On pourrait trouver une autre preuve de cette substitution des hypothèses aux faits et de l’insuffisante sûreté d’une semblable argumentation dans les contradictions au moins apparentes qu’une pensée cependant très maîtresse d’elle-même a parfois laissé passer. Ainsi, nous lisons (page 133) : « En dépit des assertions de M. Fouillée, l’idéal moral et juridique ne réclame nullement l’extension du contrat à toutes les institutions sociales et politiques… Le contrat n’a de place ni dans la constitution parfaite de la famille, ni dans celle de la nation » ; et plus loin (page 212) : « Dans une société d’égaux, le contrat, seul apte à combiner en une harmonie générale la diversité des aptitudes, devient le lien social principal. Cette institution pénètre et transforme la famille, la propriété et le gouvernement politique, etc. » M. Richard nous répondra peut-être que ce qu’il a condamné dans une théorie d’ailleurs insuffisante, il le réhabilite en se plaçant à un point de vue meilleur ; mais c’est précisément cette opposition de points de vue qui nous semble exister plutôt dans les mots que dans les idées ; et nous ne voyons pas qu’il s’abstienne lui-même assez de ces discussions toutes formelles qu’il reproche tant aux métaphysiciens.
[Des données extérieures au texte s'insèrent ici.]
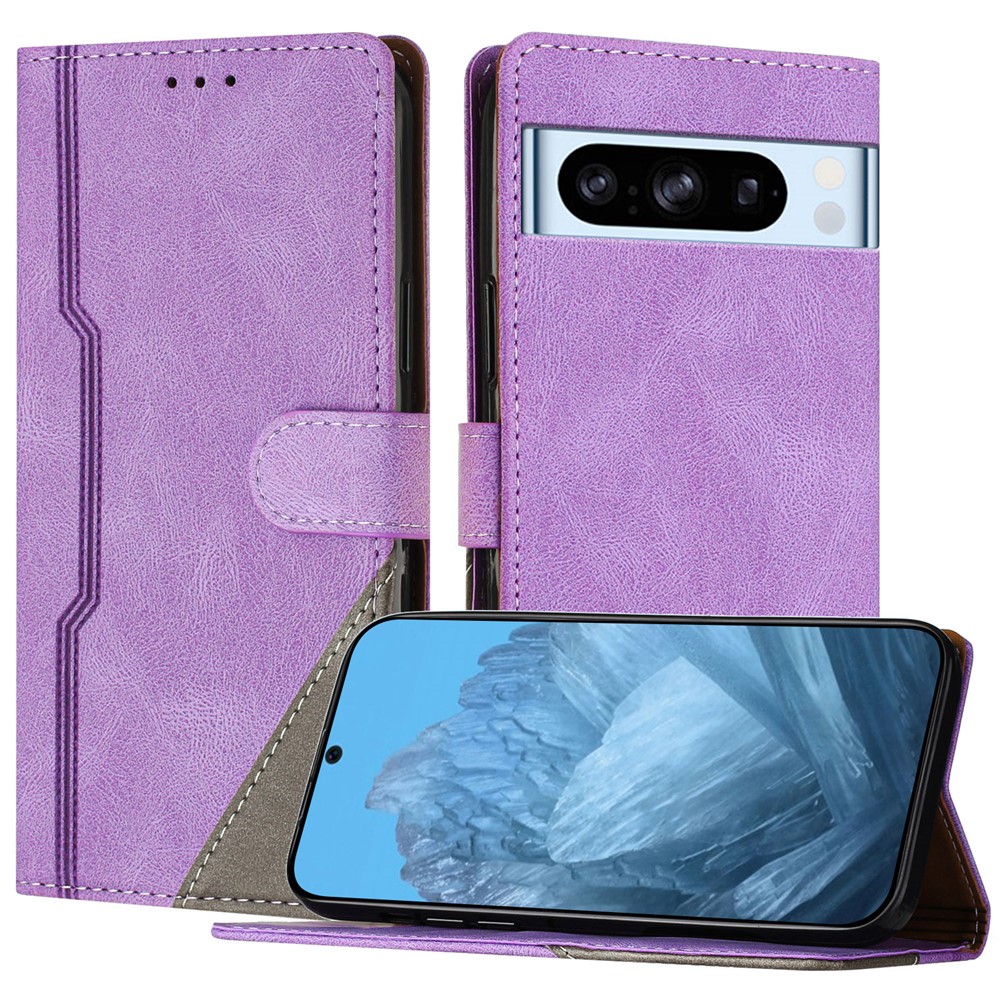 For Google Pixel 8 Pro Leather Case Triangle Patchwork Wallet Stand Shockproof Phone Cover - Purple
Assurément il puise son érudition aux meilleures sources ; souvent même il propose une interprétation nouvelle et généralement ingénieuse de certains faits historiques ou ethniques. Mais, si grand que soit l’intérêt de cette sorte de recherches, nous ne pensons pas qu’on puisse leur attribuer la valeur de véritables expériences ; les discussions interminables qui ne cessent de s’élever à ce sujet entre historiens, économistes, philosophes, suffisent à nous imposer une grande prudence. Trop souvent, il faut bien le dire, on trouve à l’origine de ces conceptions une hypothèse suggérée par un simple fait, par un détail des événements ; et nos informations toujours indirectes, incertaines et incomplètes se prêtant complaisamment à plusieurs interprétations différentes, notre hypothèse devient bien vite avec un peu d’imagination l’expression évidente pour nous de la vérité historique. Il ne peut être question de supprimer ces études ; mais nous voudrions qu’on prit l’habitude d’en donner les résultats pour ce qu’ils valent, c’est-à-dire pour de simples probabilités.